ゼアルのテーマ的なものにちょっとばかり触れていきたいと思います。

2期に関しては、完璧に「死」に「生命」で対抗するという話になってますね。

そこまで書くと「生きるって素晴らしい」みたいな、生命賛美になっちゃうところ、ゼアルはそれとなくカバーしているので「ただの生命賛美」には陥りません。

 

おそらく、「死」にあらがうというのは多分、ゼアルが「4」作目だからです。4です、死です。

……なんで、テーマ掘り下げていくとダジャレになるんでしょうかね、私のせいでしょうか…(ーー;


【ドン・サウザンドは死のモチーフ】

ゼアルのラスボスはドン・サウザンドです。このキャラクター、いかにも「死」がモチーフになっていることは皆さんお気づきのハズ。
ゼアルはこの「死」と戦っていくという物語に2期目からなっていく。

私としてはどうしても、ドンさんが閻魔大王にしか見えなかったんですね。

あの錫を以て、閻魔帳をパラパラ見ているような…。ドン・サウザンドの持つ「リライティング」能力もああ、閻魔さまじゃんけ。
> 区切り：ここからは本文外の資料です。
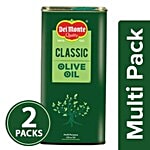 Del Monte Olive Oil - Pure 2x200 ml Multipack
と思ってました。

でも、このキャラクターの元ネタは、おそらくこれではないかな?と思う。

バリアン七皇が「北斗七星」の名前にちなんだものだというのをご存じでしょうか。

 

ニコニコ大百科より引用

バリアン七皇の名前の元ネタが北斗七星と言われている(ドゥーベ→ドルベ、メラク→ギラグ、フェグダ→ベクター、メグレズ→メラグ、アリオト→アリト、ミザール→ミザエル、ベネトナシュ→ナッシュ)。

 

知らなかった……

 

北斗七星の一番下の星に「破軍星」というものがあります。この星をつかさどっているのは、七皇ではナッシュです。

 

実は、道教に、北斗七星をまとめる「北斗星君」という人物がいます。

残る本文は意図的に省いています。